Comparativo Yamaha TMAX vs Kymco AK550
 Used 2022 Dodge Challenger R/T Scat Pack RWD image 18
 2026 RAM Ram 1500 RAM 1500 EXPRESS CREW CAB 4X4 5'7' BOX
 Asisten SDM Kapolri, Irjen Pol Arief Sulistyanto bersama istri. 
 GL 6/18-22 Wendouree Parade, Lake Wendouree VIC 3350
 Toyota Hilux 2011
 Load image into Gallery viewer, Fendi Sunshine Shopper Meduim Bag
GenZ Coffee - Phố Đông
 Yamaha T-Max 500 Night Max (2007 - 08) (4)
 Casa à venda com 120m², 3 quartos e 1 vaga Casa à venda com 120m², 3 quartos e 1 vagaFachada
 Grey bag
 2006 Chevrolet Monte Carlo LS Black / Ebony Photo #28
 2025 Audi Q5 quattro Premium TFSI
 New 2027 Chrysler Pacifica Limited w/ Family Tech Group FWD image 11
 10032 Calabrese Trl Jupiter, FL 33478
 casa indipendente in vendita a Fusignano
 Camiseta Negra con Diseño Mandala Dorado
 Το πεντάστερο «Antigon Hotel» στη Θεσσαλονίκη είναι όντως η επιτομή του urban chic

================

Task item:
Copy each line above where the string "image" occurs.

Solution to the exercise:
 Used 2022 Dodge Challenger R/T Scat Pack RWD image 18
 Load image into Gallery viewer, Fendi Sunshine Shopper Meduim Bag
 New 2027 Chrysler Pacifica Limited w/ Family Tech Group FWD image 11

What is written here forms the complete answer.